__What is expected__
Skip all pictures, then copy the lines from the start of the data through the line with "Ai đang hưởng", keeping both ends.

Stored items
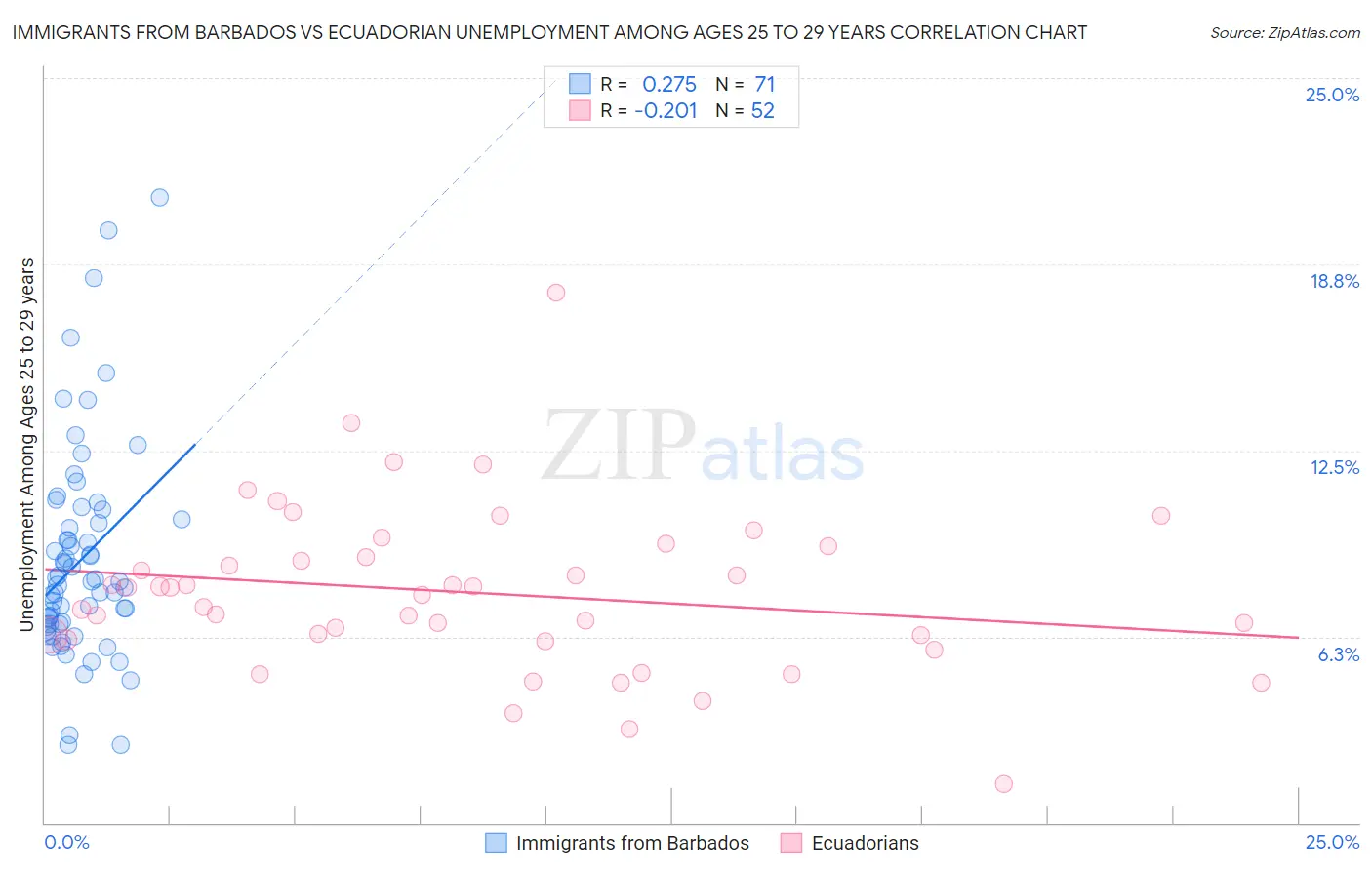 Immigrants from Barbados vs Ecuadorian Unemployment Among Ages 25 to 29 years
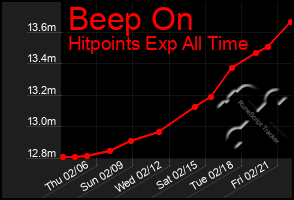 Total Graph of Beep On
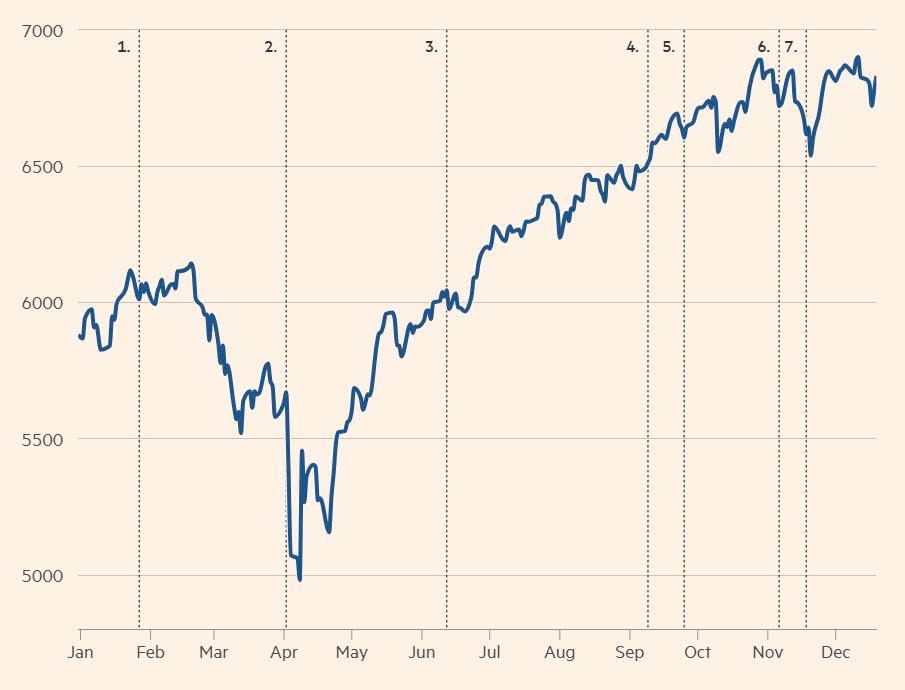 Ai đang hưởng lợi lớn nhất từ cơn sốt đâàu tư AI tại Thung lũng Silicon? - ảnh 2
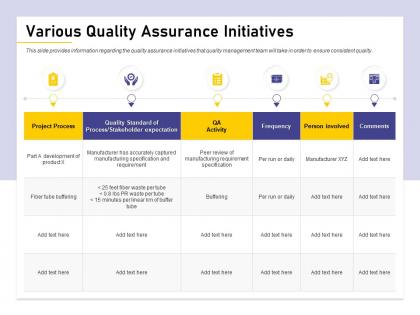 Various quality assurance initiatives buffering ppt powerpoint presentation gallery deck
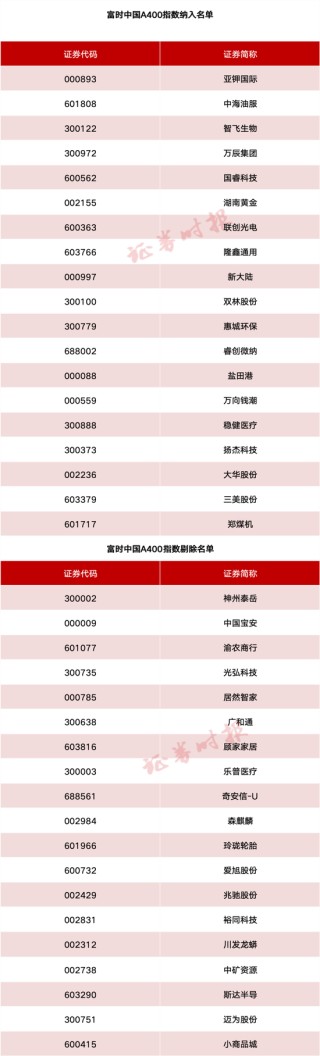 事關A股、港股！重要指數(shù)調(diào)整！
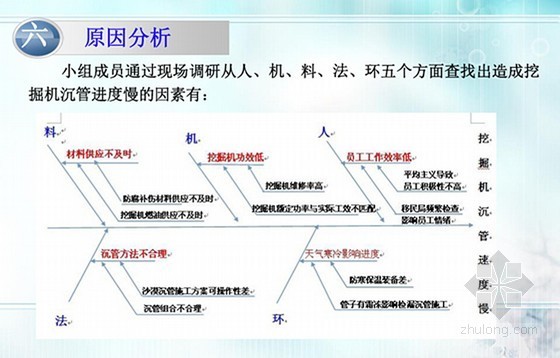 哈萨克斯坦投标资料下载-[哈萨克斯坦]加快沙漠沉管施工进度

__Output for this task__
 Immigrants from Barbados vs Ecuadorian Unemployment Among Ages 25 to 29 years
 Total Graph of Beep On
 Ai đang hưởng lợi lớn nhất từ cơn sốt đâàu tư AI tại Thung lũng Silicon? - ảnh 2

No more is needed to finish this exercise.